YOUR TASK »
Copy the result of filtering the entries below for lines that include the string "Green".

Collection entries:
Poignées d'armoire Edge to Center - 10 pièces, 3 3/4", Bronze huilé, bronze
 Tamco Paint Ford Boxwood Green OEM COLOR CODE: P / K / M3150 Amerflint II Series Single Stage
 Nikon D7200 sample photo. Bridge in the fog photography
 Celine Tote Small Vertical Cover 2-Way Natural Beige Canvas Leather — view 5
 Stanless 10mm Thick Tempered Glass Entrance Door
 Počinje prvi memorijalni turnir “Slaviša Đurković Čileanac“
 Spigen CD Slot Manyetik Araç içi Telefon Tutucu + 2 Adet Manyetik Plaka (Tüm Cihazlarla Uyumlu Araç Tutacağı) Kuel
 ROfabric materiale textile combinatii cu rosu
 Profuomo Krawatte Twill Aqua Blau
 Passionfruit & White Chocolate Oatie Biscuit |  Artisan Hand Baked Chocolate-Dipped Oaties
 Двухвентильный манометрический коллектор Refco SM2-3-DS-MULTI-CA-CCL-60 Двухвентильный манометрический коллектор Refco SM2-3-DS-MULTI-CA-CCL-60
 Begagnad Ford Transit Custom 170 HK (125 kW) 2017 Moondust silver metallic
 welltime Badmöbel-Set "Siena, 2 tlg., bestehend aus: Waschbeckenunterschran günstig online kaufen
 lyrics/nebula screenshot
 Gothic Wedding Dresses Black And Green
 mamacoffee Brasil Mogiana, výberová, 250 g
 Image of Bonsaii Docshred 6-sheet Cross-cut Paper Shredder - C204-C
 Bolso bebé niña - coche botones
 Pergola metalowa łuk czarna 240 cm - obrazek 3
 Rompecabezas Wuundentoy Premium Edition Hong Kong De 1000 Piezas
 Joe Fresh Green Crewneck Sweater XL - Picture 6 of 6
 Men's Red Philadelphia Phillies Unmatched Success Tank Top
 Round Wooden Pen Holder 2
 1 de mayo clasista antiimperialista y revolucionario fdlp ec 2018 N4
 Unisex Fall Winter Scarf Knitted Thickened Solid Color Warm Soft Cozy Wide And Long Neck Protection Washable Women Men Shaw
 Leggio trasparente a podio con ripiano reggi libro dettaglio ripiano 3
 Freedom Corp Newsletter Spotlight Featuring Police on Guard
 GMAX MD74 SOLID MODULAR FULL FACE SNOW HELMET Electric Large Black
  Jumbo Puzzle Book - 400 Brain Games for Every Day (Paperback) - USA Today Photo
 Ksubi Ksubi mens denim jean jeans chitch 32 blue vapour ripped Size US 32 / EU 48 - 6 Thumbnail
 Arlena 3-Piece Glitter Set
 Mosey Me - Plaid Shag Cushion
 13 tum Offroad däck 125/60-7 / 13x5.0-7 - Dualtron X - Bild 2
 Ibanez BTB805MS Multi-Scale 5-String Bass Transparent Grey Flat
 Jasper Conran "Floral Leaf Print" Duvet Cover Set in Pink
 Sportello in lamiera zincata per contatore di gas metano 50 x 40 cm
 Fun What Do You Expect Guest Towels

OUTPUT FOR THIS EXERCISE »
 Tamco Paint Ford Boxwood Green OEM COLOR CODE: P / K / M3150 Amerflint II Series Single Stage
 Gothic Wedding Dresses Black And Green
 Joe Fresh Green Crewneck Sweater XL - Picture 6 of 6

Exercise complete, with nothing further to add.